Top of EXERCISE MATERIAL

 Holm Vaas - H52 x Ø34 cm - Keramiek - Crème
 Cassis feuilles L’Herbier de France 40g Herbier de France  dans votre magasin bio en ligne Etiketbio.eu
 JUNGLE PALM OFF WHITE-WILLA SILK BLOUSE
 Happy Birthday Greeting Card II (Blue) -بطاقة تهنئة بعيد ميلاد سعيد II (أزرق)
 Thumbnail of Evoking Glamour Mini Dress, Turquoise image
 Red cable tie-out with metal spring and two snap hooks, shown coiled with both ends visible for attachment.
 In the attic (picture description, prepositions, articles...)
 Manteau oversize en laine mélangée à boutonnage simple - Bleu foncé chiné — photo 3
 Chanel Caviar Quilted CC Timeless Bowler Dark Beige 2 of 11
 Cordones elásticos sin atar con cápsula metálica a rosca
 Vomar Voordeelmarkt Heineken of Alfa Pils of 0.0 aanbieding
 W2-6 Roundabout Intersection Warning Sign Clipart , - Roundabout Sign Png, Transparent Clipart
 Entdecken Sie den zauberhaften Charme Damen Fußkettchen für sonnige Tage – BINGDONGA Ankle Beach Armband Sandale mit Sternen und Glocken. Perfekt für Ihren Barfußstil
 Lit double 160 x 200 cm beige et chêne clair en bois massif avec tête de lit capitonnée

Bottom of EXERCISE MATERIAL

> **EXERCISE BRIEF**
Each record should be transcribed exactly as it was written.

> **RESULT BELOW**
 Holm Vaas - H52 x Ø34 cm - Keramiek - Crème
 Cassis feuilles L’Herbier de France 40g Herbier de France  dans votre magasin bio en ligne Etiketbio.eu
 JUNGLE PALM OFF WHITE-WILLA SILK BLOUSE
 Happy Birthday Greeting Card II (Blue) -بطاقة تهنئة بعيد ميلاد سعيد II (أزرق)
 Thumbnail of Evoking Glamour Mini Dress, Turquoise image
 Red cable tie-out with metal spring and two snap hooks, shown coiled with both ends visible for attachment.
 In the attic (picture description, prepositions, articles...)
 Manteau oversize en laine mélangée à boutonnage simple - Bleu foncé chiné — photo 3
 Chanel Caviar Quilted CC Timeless Bowler Dark Beige 2 of 11
 Cordones elásticos sin atar con cápsula metálica a rosca
 Vomar Voordeelmarkt Heineken of Alfa Pils of 0.0 aanbieding
 W2-6 Roundabout Intersection Warning Sign Clipart , - Roundabout Sign Png, Transparent Clipart
 Entdecken Sie den zauberhaften Charme Damen Fußkettchen für sonnige Tage – BINGDONGA Ankle Beach Armband Sandale mit Sternen und Glocken. Perfekt für Ihren Barfußstil
 Lit double 160 x 200 cm beige et chêne clair en bois massif avec tête de lit capitonnée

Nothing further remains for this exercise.